A semana de 14 de setembro
Como parte desta iniciativa política, o Grupo do Partido Popular Europeu solicitou a realização de um debate urgente no Parlamento Europeu sobre a situação em Ceuta e Melilla. A discussão ocorrerá durante a semana de 14 de setembro, na plenária de Estrasburgo em que a presidenta da Comissão Europeia pronunciará seu discurso tradicional sobre o estado da União.
A iniciativa coincide ainda com a mensagem transmitida recentemente pelo presidente do PP, Alberto Núñez Feijóo, durante sua visita a Ceuta. "A integridade territorial da Espanha não se negocia, se defende", afirmou o líder popular, uma ideia que a delegação espanhola do PPE situa como eixo de sua ofensiva política em Bruxelas para reclamar uma resposta europeia frente à pressão migratória na fronteira sul.
Este é o conteúdo da carta:
A delegação espanhola do PP no Parlamento Europeu sustenta que a entrada maciça de imigrantes em Ceuta e Melilla constitui "a pior crise de soberania nacional da fronteira sul da Europa". Defende que ambas as cidades são território espanhol e europeu há séculos, rejeita que possam ser consideradas enclaves coloniais e sublinha que a ONU não as inclui entre os territórios pendentes de descolonização.
A carta cifra entre 60.000 e 80.000 as entradas irregulares registradas em 30 de julho em Ceuta e em cerca de 400 os imigrantes que acessaram Melilla, além de apontar que pelo menos 88 pessoas faleceram tentando alcançar a cidade autônoma. Também lembra que todos os partidos com representação na Assembleia de Ceuta reclamaram medidas extraordinárias e critica a resposta do Governo, ao considerar que foi tardia e que rejeitou ativar a Lei de Segurança Nacional e o reforço oferecido pela Frontex.

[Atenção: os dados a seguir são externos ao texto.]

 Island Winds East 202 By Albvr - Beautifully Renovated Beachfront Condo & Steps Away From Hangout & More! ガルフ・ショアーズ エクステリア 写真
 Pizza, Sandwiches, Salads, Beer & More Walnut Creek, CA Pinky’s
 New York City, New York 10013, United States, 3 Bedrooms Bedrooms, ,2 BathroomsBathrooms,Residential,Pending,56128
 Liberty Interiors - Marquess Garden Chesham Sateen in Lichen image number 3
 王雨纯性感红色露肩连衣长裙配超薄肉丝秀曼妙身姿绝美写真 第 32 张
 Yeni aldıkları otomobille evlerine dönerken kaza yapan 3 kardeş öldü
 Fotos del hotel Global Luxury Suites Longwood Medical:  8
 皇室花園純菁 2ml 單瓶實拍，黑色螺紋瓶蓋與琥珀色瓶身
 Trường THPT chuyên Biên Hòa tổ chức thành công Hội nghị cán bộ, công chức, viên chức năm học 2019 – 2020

O documento afirma que a crise provocou preocupação entre vários Estados membros e destaque as posições da Comissão Europeia, França e Polônia a favor de reforçar o controle das fronteiras exteriores da UE. Assim, sustenta que 22 países impulsionaram uma resposta europeia coordenada e lembra que o Parlamento Europeu debaterá a situação em Ceuta e Melilla durante a próxima plenária de setembro.
A delegação popular conclui que a instrumentalização da imigração coloca em risco a soberania da Espanha e a segurança das fronteiras exteriores da União Europeia. Nesse sentido, responsabiliza o Governo de Pedro Sánchez por manter uma política migratória e externa que, em sua opinião, enfraquece a credibilidade do espaço Schengen e reclama uma resposta firme e coordenada por parte das instituições europeias.